Data block →
================================
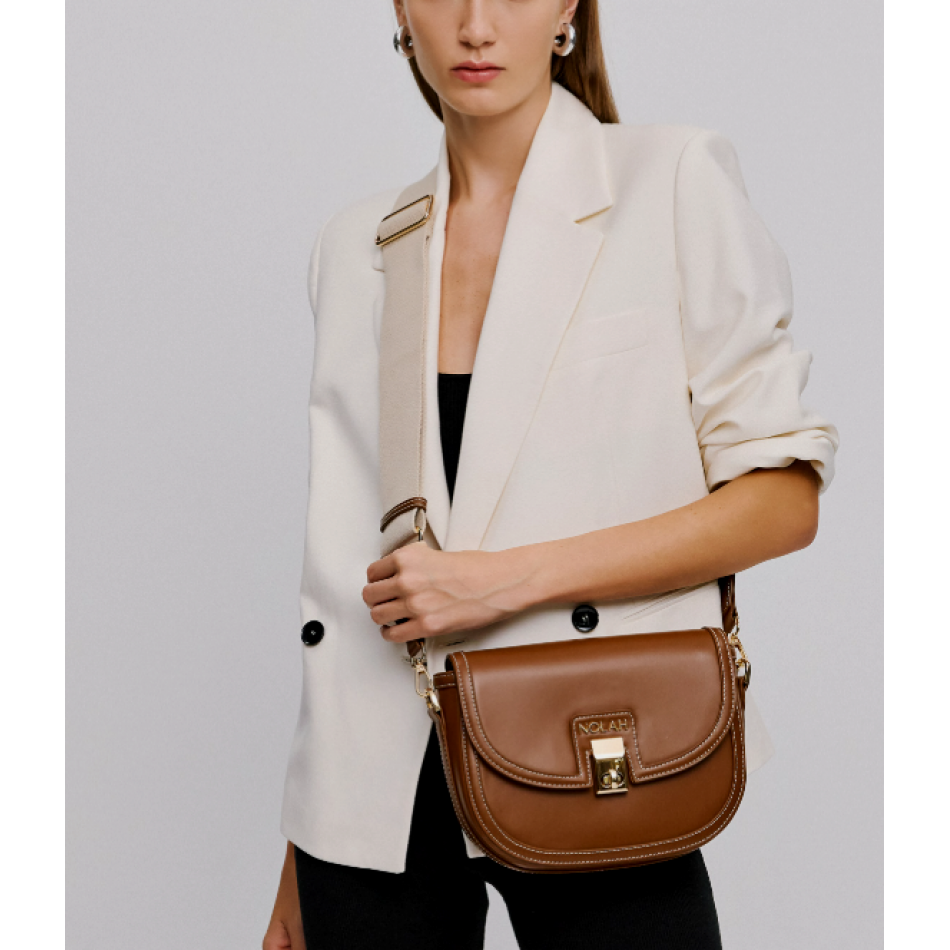 Nolah Madrid Γυναικεία Τσάντα Ώμου/Χιαστί Brown Light Gold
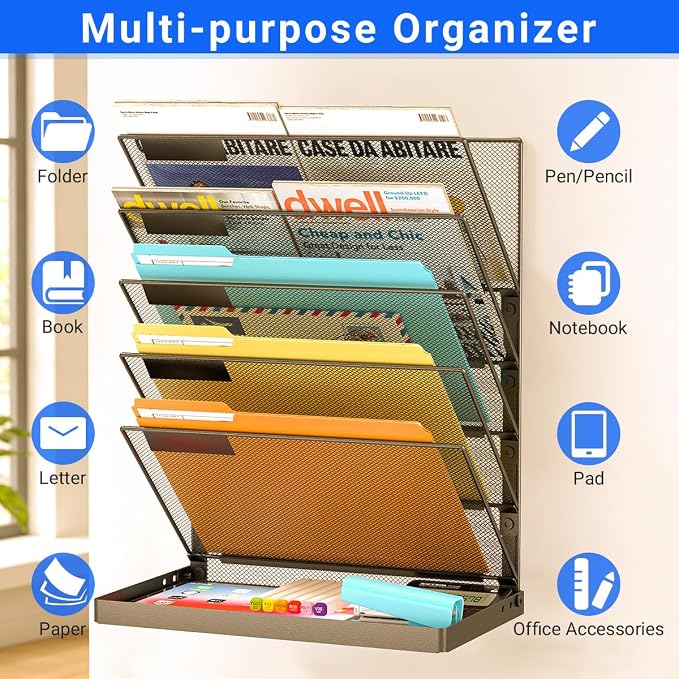 Legal /A4/ Letter Size Hanging Wall File Organizer Desktop File Organizer,6-Tier Wall Mount/Self Standing Paper Document Folder Holder,Mesh Magazine Rack for Office Home, Black ﻿
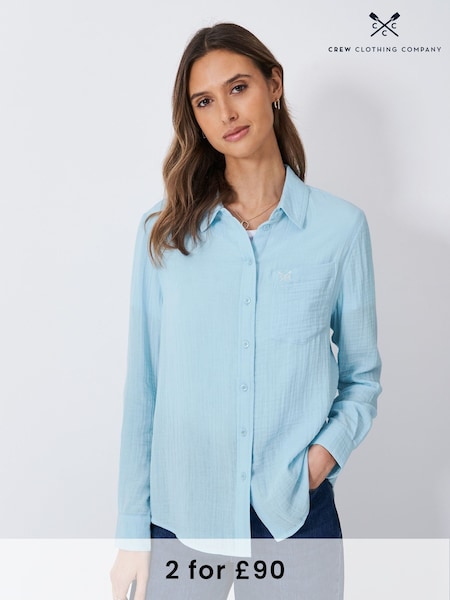 Crew Clothing Blue Chrome Harlie Relaxed 100% Cotton Shirt (F26438) | €64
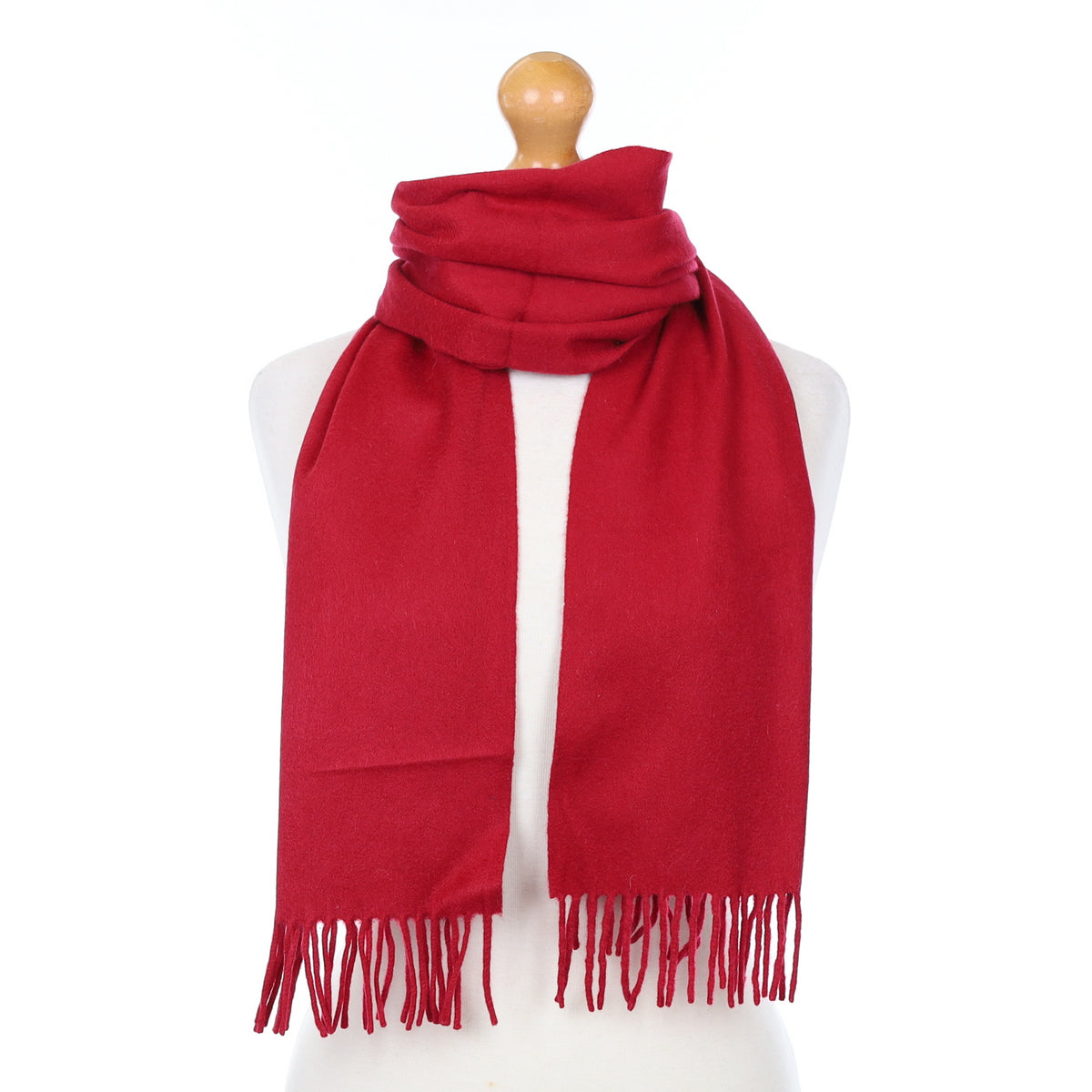 Cherry Red Cashmere Woven Scarf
================================
What to do →
When you retype the material above, keep every word exact and drop the images.

Response to the exercise →
 Nolah Madrid Γυναικεία Τσάντα Ώμου/Χιαστί Brown Light Gold
 Legal /A4/ Letter Size Hanging Wall File Organizer Desktop File Organizer,6-Tier Wall Mount/Self Standing Paper Document Folder Holder,Mesh Magazine Rack for Office Home, Black ﻿
 Crew Clothing Blue Chrome Harlie Relaxed 100% Cotton Shirt (F26438) | €64
 Cherry Red Cashmere Woven Scarf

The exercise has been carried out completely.